Recently, our home owners association received complaints of a large amount of scorpions in backyards along a particular street. An exterminator found the source of the scorpions to be a large drainage ditch that was lined with large stones. These large stones made for a perfect scorpion habitat. Scorpions are notoriously difficult to kill using chemicals. The exterminator said that because the scorpion population was in a drainage ditch that was considered a waterway, and he could not treat this area with chemicals or risk the wrath of the EPA for dumping chemicals into a waterway. So, we were left to find another more environmentally sensitive solution.

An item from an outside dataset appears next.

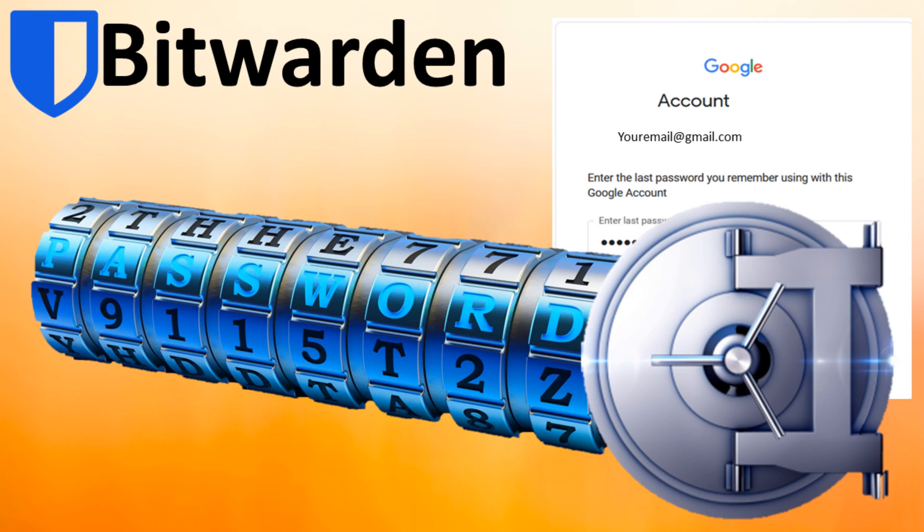Password managers enhance online security by enabling quick access to strong passwords for account protection. Today we'll explore the paid version of Bitwarden.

Fortunately, scorpions are florescent and glow in the dark when illuminated with certain wavelengths of ultra violet light. It is really creepy to see, especially when they start to move. Since chemicals are not an option, it was proposed that periodic nighttime patrols of the ditches with UV flashlights would allow for manual scorpion collection. To test this idea, we went to our local drug store and purchased their largest UV flashlight that was marketed specifically for finding scorpions. It was tiny and the low light output made if difficult to sweep large areas of drainage ditch.
Clearly, a more manly UV flashlight was needed. We needed the Scorpion Stinger...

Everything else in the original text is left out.